* ABOUT THIS EXERCISE: What follows is a set of entries. Repeat them exactly, but not their pictures.

(Items from a dataset)
....

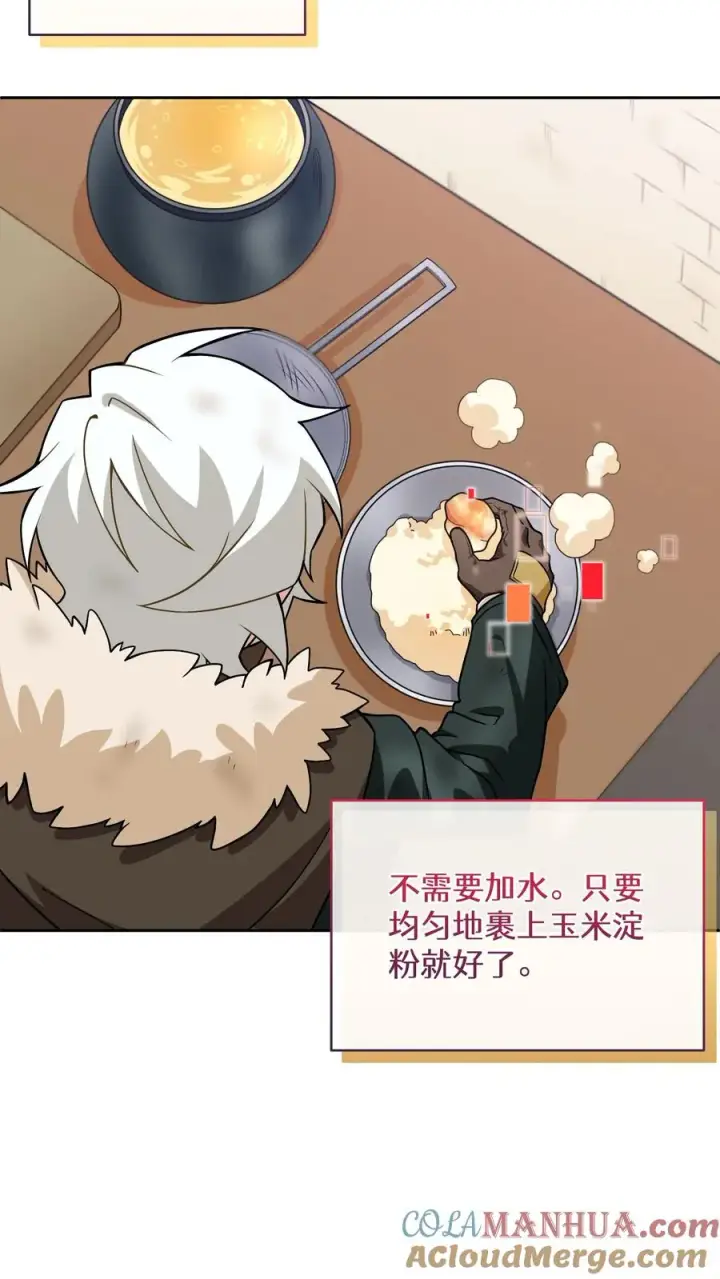 漫画《请您先用餐！》28. 炸鸡啤酒派对第25张图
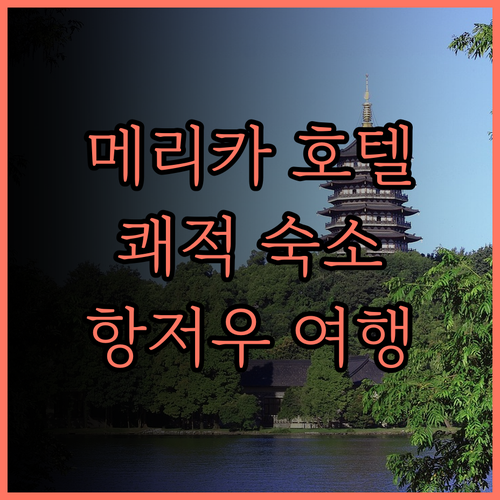 메리카 호텔, 항저우 운하.. 쾌적한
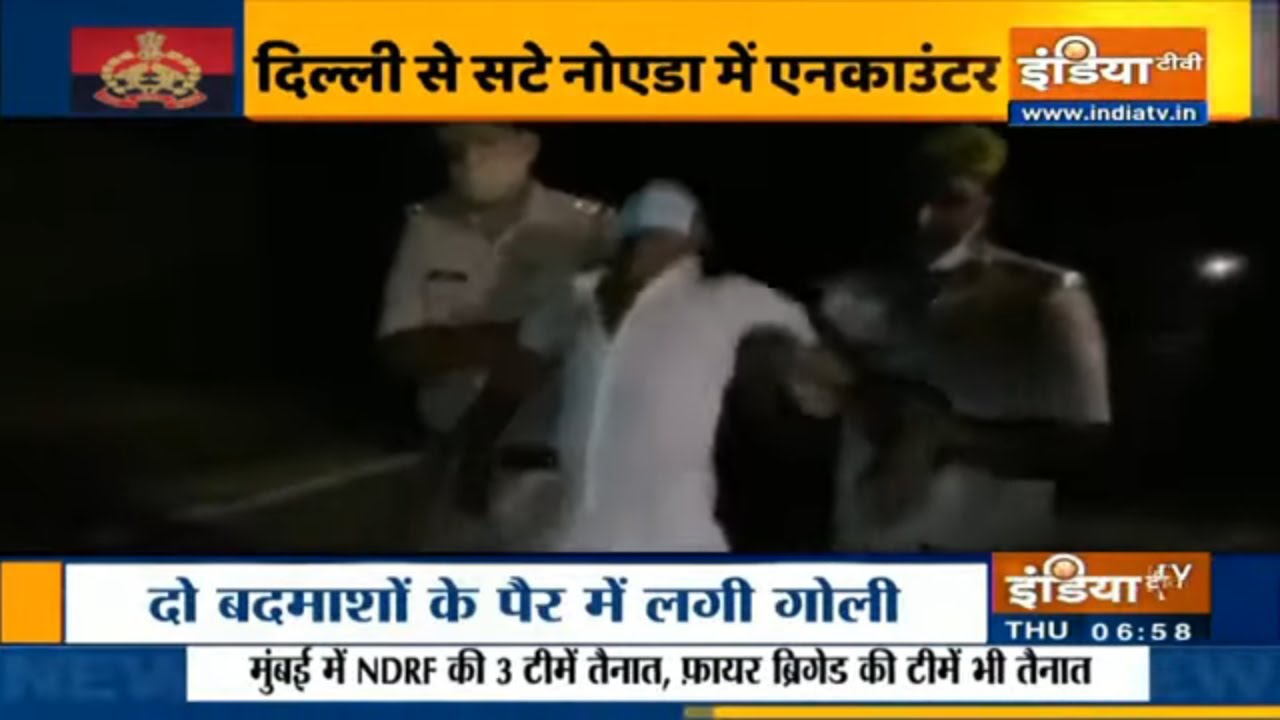 ग्रेटर नॉएडा: ऑटो में बच्ची का अपहरण कर भाग रहे दो बदमाशों को पुलिस ने दबोचा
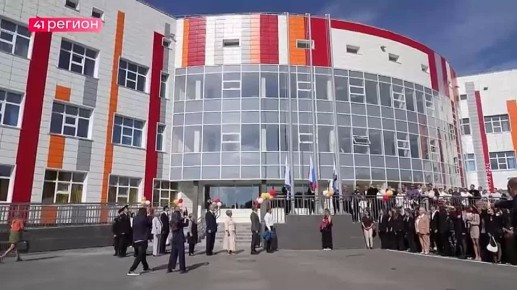 Камчатка|Итоги 2025|Сентябрь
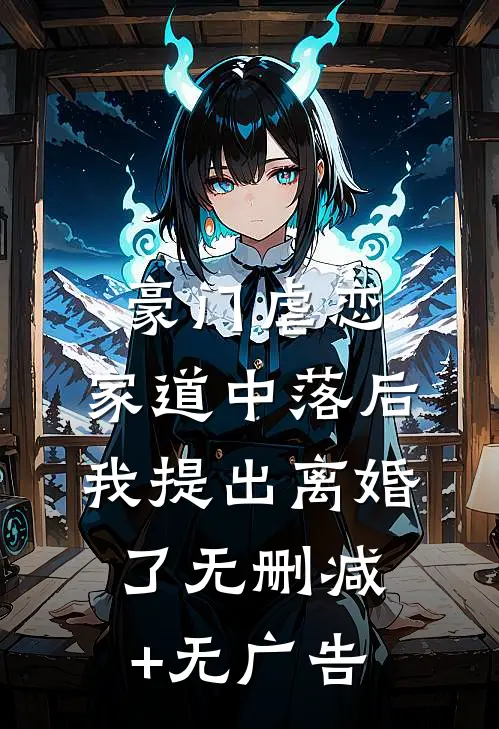 豪门虐恋：家道中落后我提出离婚了无删减+无广告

....

* WRITTEN ANSWER:
 漫画《请您先用餐！》28. 炸鸡啤酒派对第25张图
 메리카 호텔, 항저우 운하.. 쾌적한
 ग्रेटर नॉएडा: ऑटो में बच्ची का अपहरण कर भाग रहे दो बदमाशों को पुलिस ने दबोचा
 Камчатка|Итоги 2025|Сентябрь
 豪门虐恋：家道中落后我提出离婚了无删减+无广告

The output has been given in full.